**Supplied data**

#####

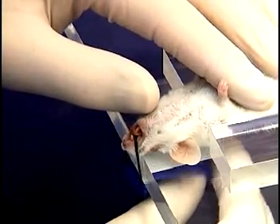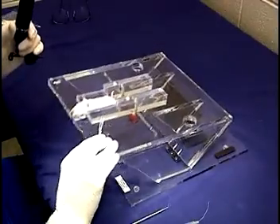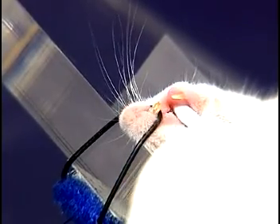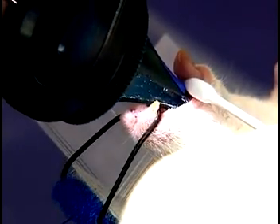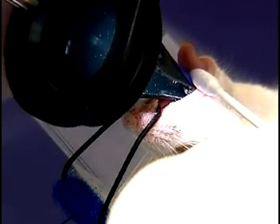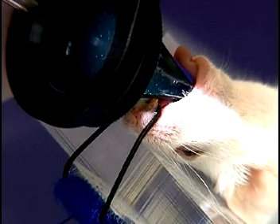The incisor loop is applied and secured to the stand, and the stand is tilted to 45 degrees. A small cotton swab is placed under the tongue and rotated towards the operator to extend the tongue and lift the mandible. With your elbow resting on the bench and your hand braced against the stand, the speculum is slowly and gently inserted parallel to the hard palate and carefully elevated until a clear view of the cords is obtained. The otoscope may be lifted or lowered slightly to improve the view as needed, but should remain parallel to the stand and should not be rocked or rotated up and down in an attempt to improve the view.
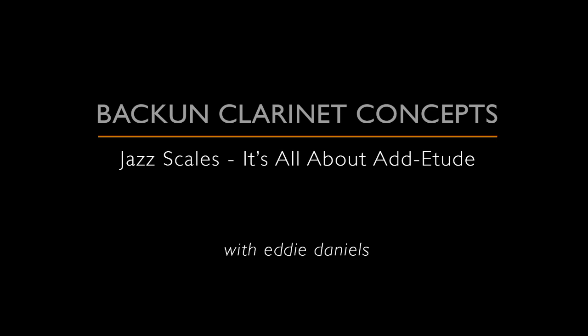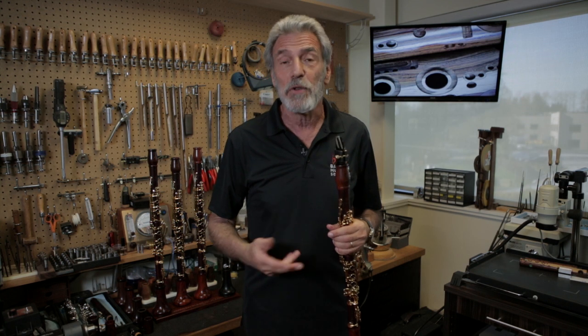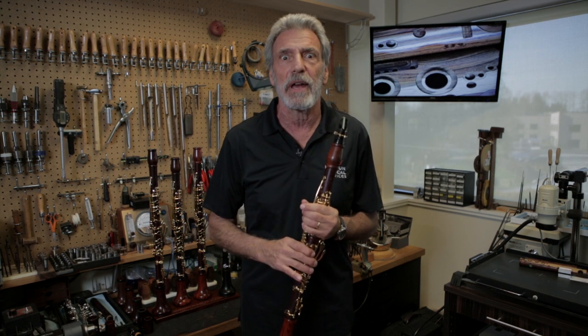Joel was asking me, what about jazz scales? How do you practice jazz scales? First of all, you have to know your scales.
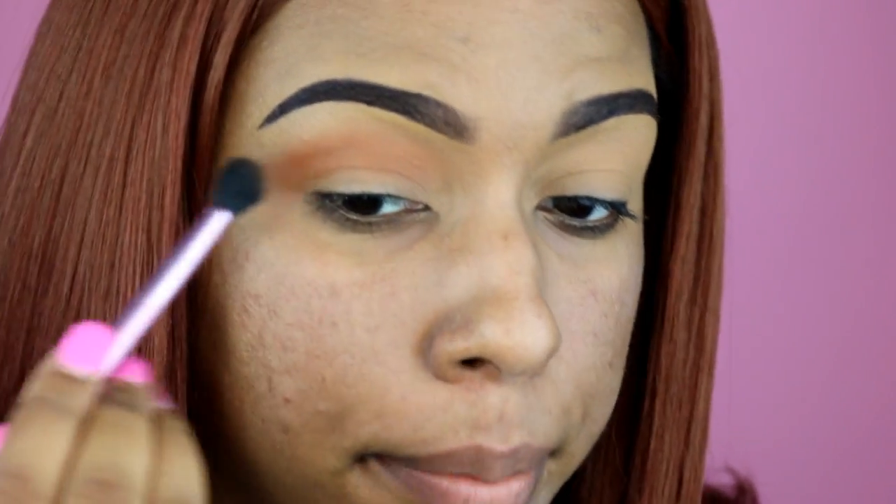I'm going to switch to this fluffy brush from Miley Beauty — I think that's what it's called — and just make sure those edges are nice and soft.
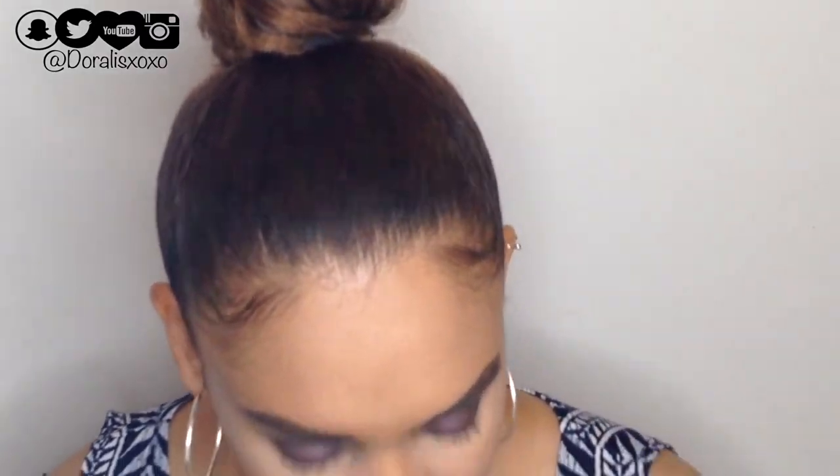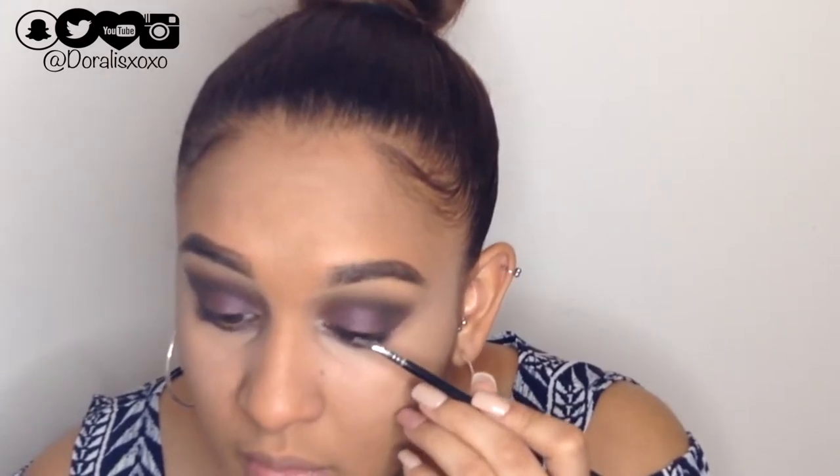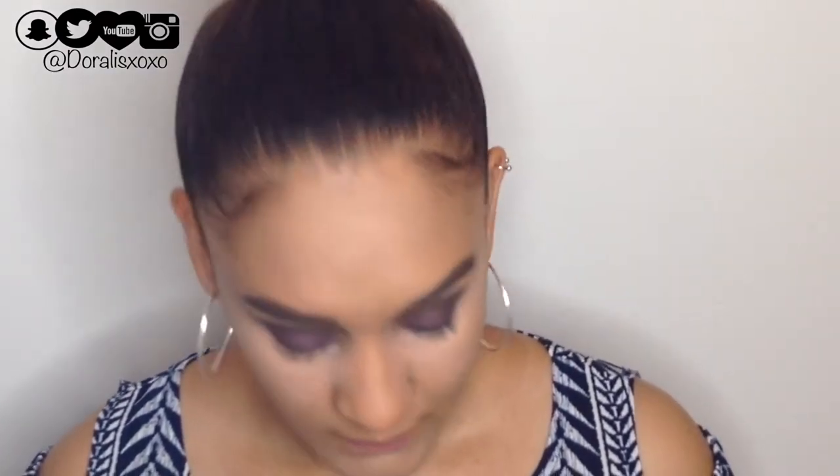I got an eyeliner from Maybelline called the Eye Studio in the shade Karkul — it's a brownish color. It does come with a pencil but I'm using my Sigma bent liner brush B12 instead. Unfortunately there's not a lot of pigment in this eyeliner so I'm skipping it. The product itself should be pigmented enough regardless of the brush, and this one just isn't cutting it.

#####

Give all the lines above again, character for character, without pictures.

**Result**
The incisor loop is applied and secured to the stand, and the stand is tilted to 45 degrees. A small cotton swab is placed under the tongue and rotated towards the operator to extend the tongue and lift the mandible. With your elbow resting on the bench and your hand braced against the stand, the speculum is slowly and gently inserted parallel to the hard palate and carefully elevated until a clear view of the cords is obtained. The otoscope may be lifted or lowered slightly to improve the view as needed, but should remain parallel to the stand and should not be rocked or rotated up and down in an attempt to improve the view.
Joel was asking me, what about jazz scales? How do you practice jazz scales? First of all, you have to know your scales.
I'm going to switch to this fluffy brush from Miley Beauty — I think that's what it's called — and just make sure those edges are nice and soft.
I got an eyeliner from Maybelline called the Eye Studio in the shade Karkul — it's a brownish color. It does come with a pencil but I'm using my Sigma bent liner brush B12 instead. Unfortunately there's not a lot of pigment in this eyeliner so I'm skipping it. The product itself should be pigmented enough regardless of the brush, and this one just isn't cutting it.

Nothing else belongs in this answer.